**Given information**

BEGIN

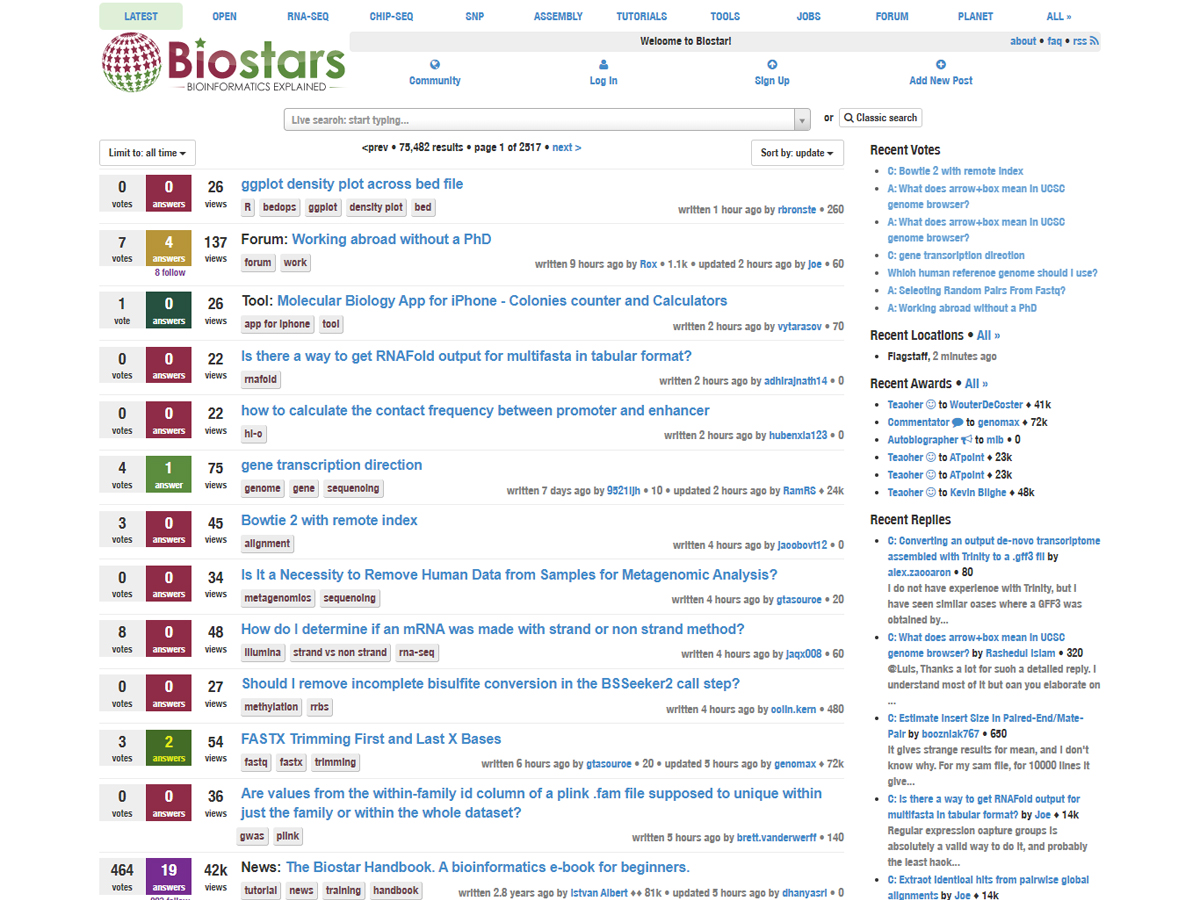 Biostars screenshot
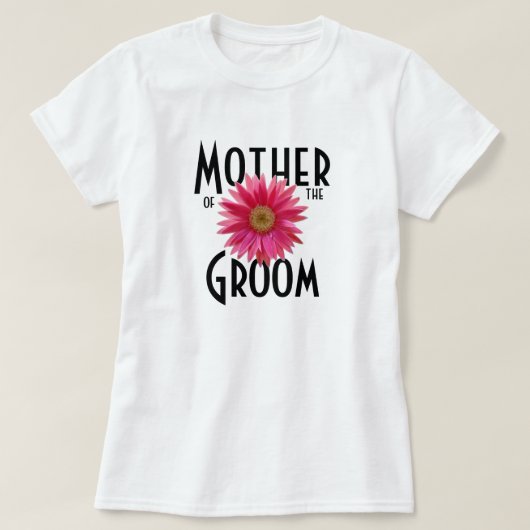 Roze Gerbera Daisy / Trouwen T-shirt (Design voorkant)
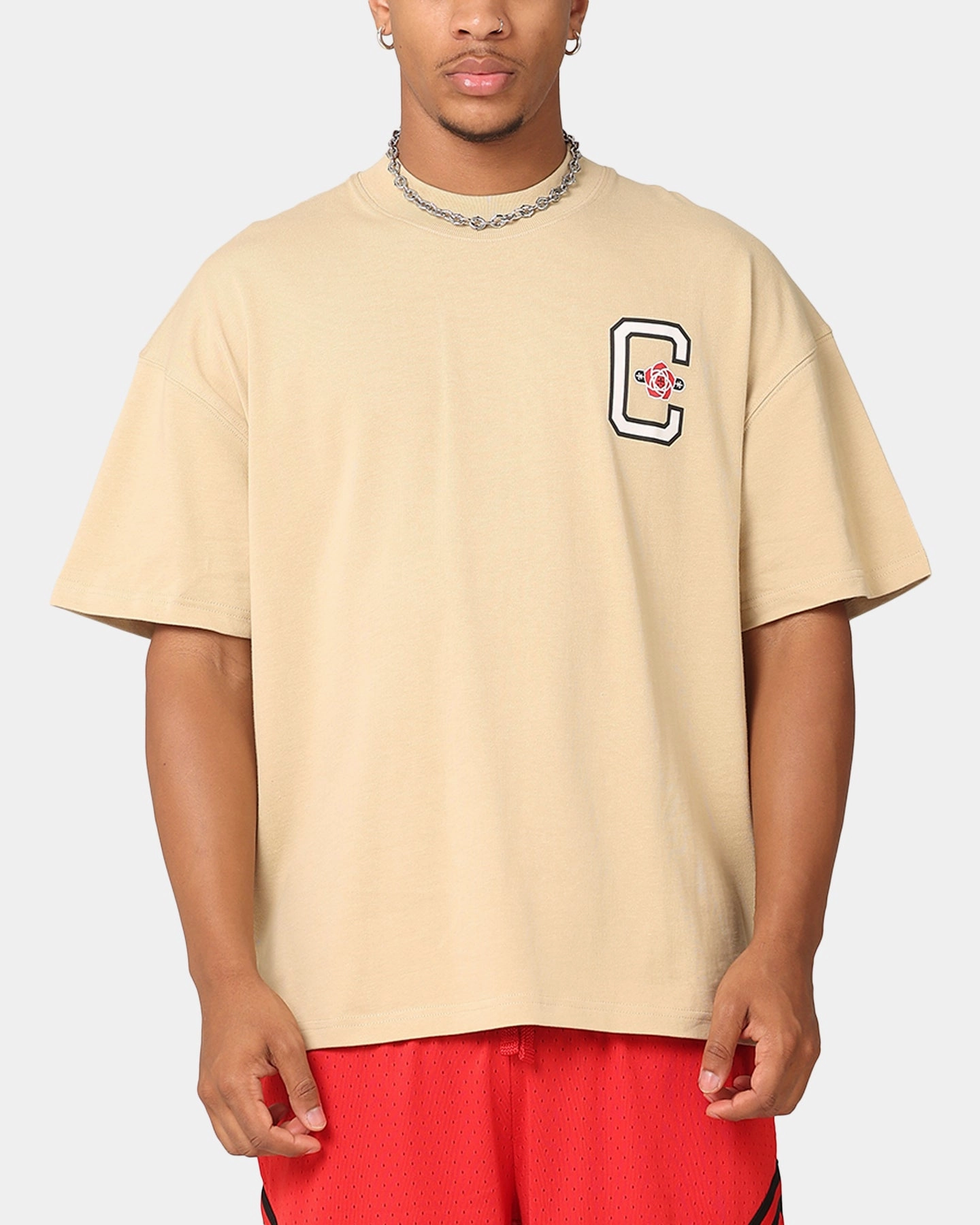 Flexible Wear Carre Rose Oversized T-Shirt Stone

END

**What needs to be done**
Drop the pictures, then transcribe the lines from the one containing "Roze Gerbera Daisy" to the end of the data above, exactly and nothing more.

**Task result**
 Roze Gerbera Daisy / Trouwen T-shirt (Design voorkant)
 Flexible Wear Carre Rose Oversized T-Shirt Stone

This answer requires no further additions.